The voters of Washington DC dealt a painful blow to the cause of school reform on September 14th. Adrian Fenty, the current mayor of America’s capital, was defeated in a Democratic primary election, which means he will be out of a job at the end of the year. Almost certainly, though there is some debate about this, his departure will be accompanied by that of Michelle Rhee, the city’s schools chancellor, who has been shaking up an education system awash with failing schools, not least by working with philanthrocapitalist-backed charter schools.
Fenty and Rhee are two of the stars of a new documentary movie, “Waiting For Superman“, which is due to open next week. Made by the same people who filmed “An Inconvenient Truth” (except Al Gore), under philanthrocapitalist Jeff Skoll’s Particpant Media label, the movie makes a passionate case for the sort of reforms championed by Fenty and Rhee. A huge marketing budget, plus celebrity endorsements from the likes of Bill Gates, were supposed to make it a catalyst for a much-needed nationwide debate on education reform.
On the face of it, the defeat of these two stars – Fenty and Rhee – is a blow to the movie’s strategy, though you could argue that all publicity is good publicity. Certainly, their defeat reinforces the movie’s message that education reform is hard and won’t happen unless the public get behind it. Critics of Fenty and Rhee point out that it was their confrontational style, especially in taking on the teachers unions, that was their undoing. Bill Gates has lately been making nice to the unions – but will that really deliver the sort of transformational change that is needed?

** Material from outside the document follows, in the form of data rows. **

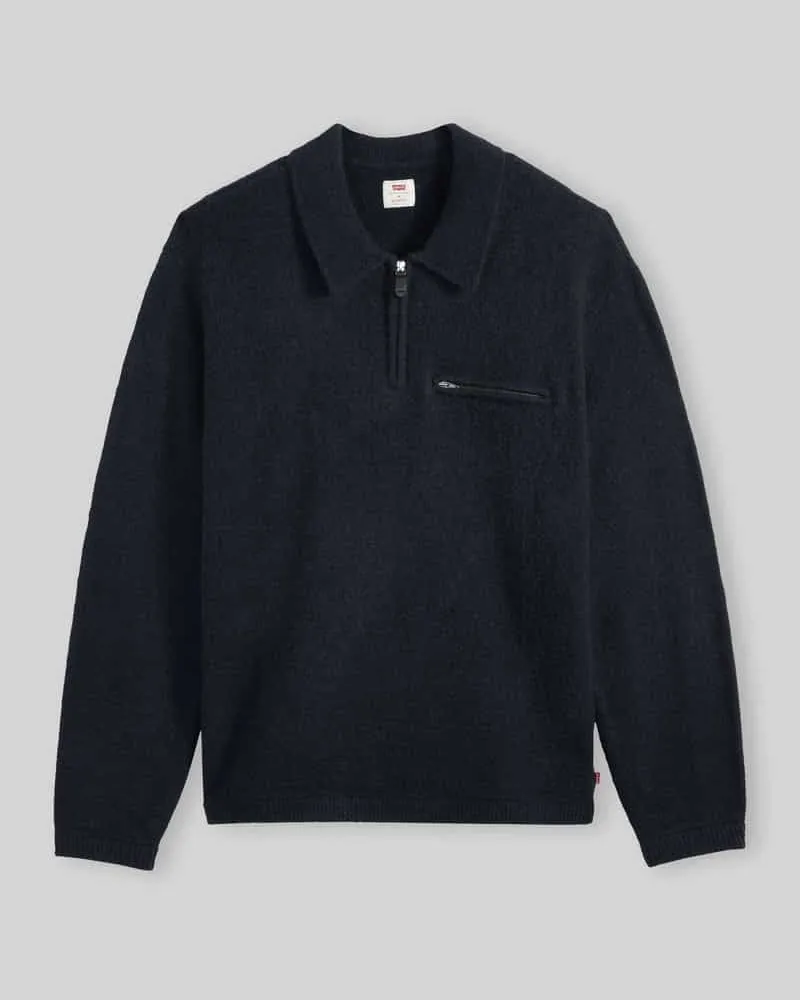 Levi's Relaxed Fit Troyer mit Woll-Anteil Modell 'Boulder Quarter-zip Marine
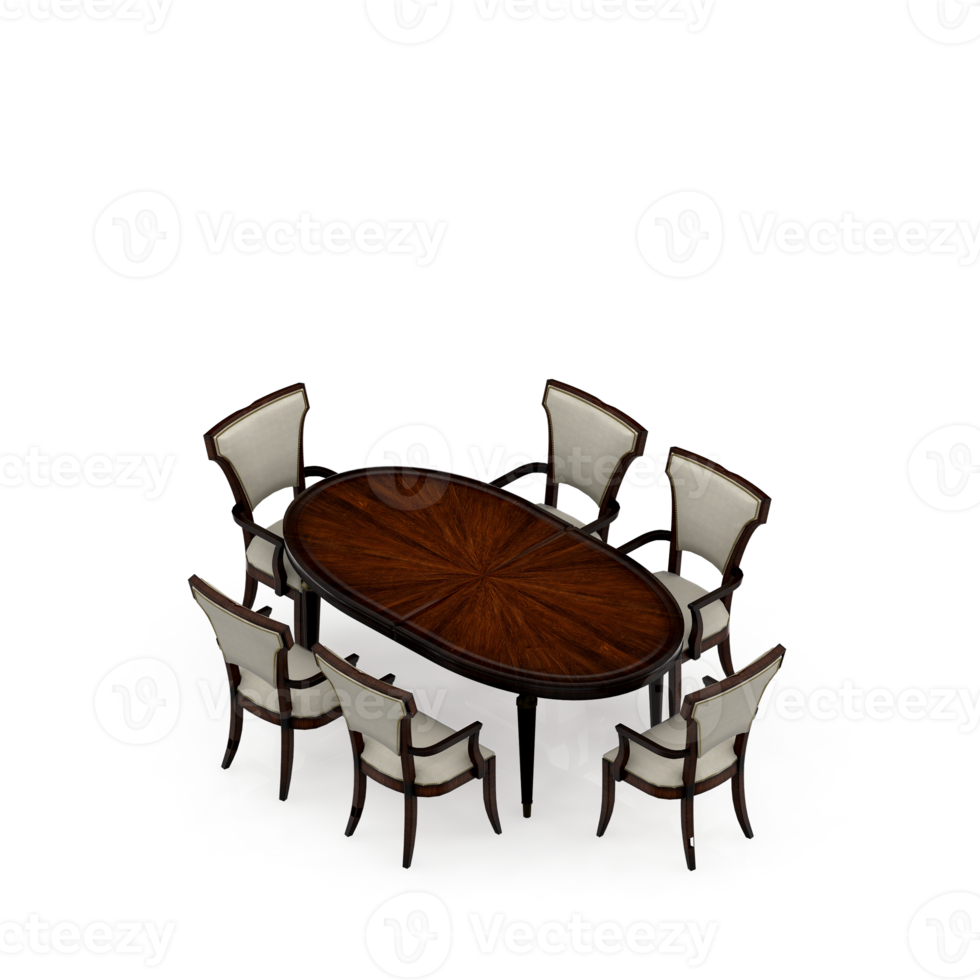 Isometric Table Set 3D render png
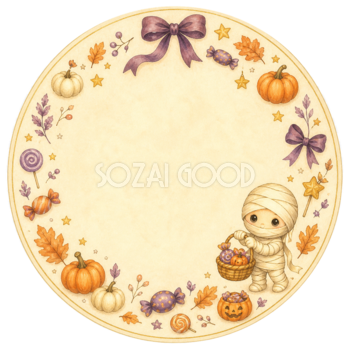 かわいいミイラとお菓子の丸型ラベル｜子ども向けハロウィンフレームイラスト95031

Whilst Melody Barnes, President Obama’s Domestic Policy advisor, told The Economist’s Human Potential conference on September 15th that a reversal in DC, if that is what this is (she points out that the city has just received a big Race to the Top grant to support school reform, which should encourage any successor to continue Rhee’s program), should not be seen as a reversal in the country as a whole, where the pro-charter school reform movement continues to accelerate. Maybe. But it is hard not to fear that America’s poorly served school children will now be waiting even longer for Super Man.